На льдине почти никто не хворал. С возвращением на Большую землю многие, словно сговорившись, начали болеть. В основном гриппом, протекавшим в тяжелой форме. Больных (их оказалось шестнадцать человек) направили в единственную больницу, которой тогда располагала Чукотка — в бухту Лаврентия. Для небольшой больнички такая нагрузка оказалась непосильной, и здоровые челюскинцы пришли на помощь больным.
В больнице починили все, что только можно было починить. Перестали скрипеть двери, заработала ванна, были отремонтированы кровати, примусы, лампы, наточены хирургические инструменты. Для отопления больницы добыли уголь, в кооперации достали ситец, из которого пошили новое белье. Группа челюскинцев стала братьями милосердия, освоив соответствующую технологию вроде банок, клизм и горчичников. Наш повар обеспечивал больных питанием.
Для одного из наших товарищей дело чуть не закончилось плохо.

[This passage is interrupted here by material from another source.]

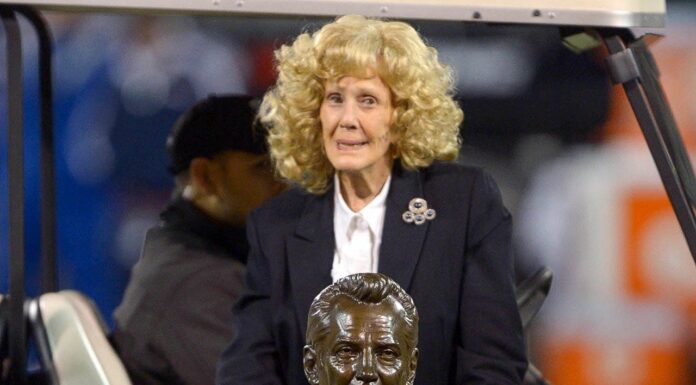 Carol Davis, Raiders owner Al Davis’ widow, dies at 93 years old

У Алексея Николаевича Боброва случился острый приступ аппендицита. Срочно понадобился хирург, который находился в Уэллене. От Уэллена до бухты Лаврентия всего лишь час полета, но на местном аэродромы находился только один У-2, да и тот в весьма сомнительном состоянии; и все же Леваневский решил лететь, хотя и понимал, что самолет держится на «честном слове».
В тундре — вынужденная посадка. Уж тогда, когда в бухте Лаврентия считали, что самолет погиб, Леваневский все-таки доставил великолепного человека — хирурга Ф. Л. Леонтьева.